▶ _Problem to solve_
From the material below, return every line that includes "with".

▶ _Extracted data_
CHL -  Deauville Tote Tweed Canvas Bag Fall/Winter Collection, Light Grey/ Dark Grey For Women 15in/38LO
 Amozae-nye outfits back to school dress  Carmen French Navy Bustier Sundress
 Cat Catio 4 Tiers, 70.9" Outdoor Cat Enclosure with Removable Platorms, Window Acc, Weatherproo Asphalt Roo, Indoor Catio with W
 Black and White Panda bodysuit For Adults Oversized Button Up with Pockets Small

==

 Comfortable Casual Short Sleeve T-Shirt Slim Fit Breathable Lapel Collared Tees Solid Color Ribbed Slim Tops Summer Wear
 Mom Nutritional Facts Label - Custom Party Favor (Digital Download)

▶ _Result_
 Cat Catio 4 Tiers, 70.9" Outdoor Cat Enclosure with Removable Platorms, Window Acc, Weatherproo Asphalt Roo, Indoor Catio with W
 Black and White Panda bodysuit For Adults Oversized Button Up with Pockets Small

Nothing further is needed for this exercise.